### YOUR GOAL
Print out the data below with every line intact.

Records from a data collection
━━━━━━

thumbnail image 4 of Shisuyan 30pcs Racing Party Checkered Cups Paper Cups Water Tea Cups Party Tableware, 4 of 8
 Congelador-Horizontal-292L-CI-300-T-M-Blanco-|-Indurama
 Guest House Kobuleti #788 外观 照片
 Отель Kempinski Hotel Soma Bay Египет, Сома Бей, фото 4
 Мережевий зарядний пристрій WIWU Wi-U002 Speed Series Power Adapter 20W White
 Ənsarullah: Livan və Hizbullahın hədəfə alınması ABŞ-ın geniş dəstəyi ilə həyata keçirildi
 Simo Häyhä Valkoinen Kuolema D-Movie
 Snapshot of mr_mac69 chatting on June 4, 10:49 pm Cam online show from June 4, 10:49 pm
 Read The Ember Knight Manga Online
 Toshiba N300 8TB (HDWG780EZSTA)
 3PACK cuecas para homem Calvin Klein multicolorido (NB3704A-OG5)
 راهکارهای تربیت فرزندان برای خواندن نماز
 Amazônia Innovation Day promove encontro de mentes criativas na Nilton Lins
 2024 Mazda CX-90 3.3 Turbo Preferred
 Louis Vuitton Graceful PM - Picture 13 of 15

━━━━━━

### PROBLEM SOLUTION
thumbnail image 4 of Shisuyan 30pcs Racing Party Checkered Cups Paper Cups Water Tea Cups Party Tableware, 4 of 8
 Congelador-Horizontal-292L-CI-300-T-M-Blanco-|-Indurama
 Guest House Kobuleti #788 外观 照片
 Отель Kempinski Hotel Soma Bay Египет, Сома Бей, фото 4
 Мережевий зарядний пристрій WIWU Wi-U002 Speed Series Power Adapter 20W White
 Ənsarullah: Livan və Hizbullahın hədəfə alınması ABŞ-ın geniş dəstəyi ilə həyata keçirildi
 Simo Häyhä Valkoinen Kuolema D-Movie
 Snapshot of mr_mac69 chatting on June 4, 10:49 pm Cam online show from June 4, 10:49 pm
 Read The Ember Knight Manga Online
 Toshiba N300 8TB (HDWG780EZSTA)
 3PACK cuecas para homem Calvin Klein multicolorido (NB3704A-OG5)
 راهکارهای تربیت فرزندان برای خواندن نماز
 Amazônia Innovation Day promove encontro de mentes criativas na Nilton Lins
 2024 Mazda CX-90 3.3 Turbo Preferred
 Louis Vuitton Graceful PM - Picture 13 of 15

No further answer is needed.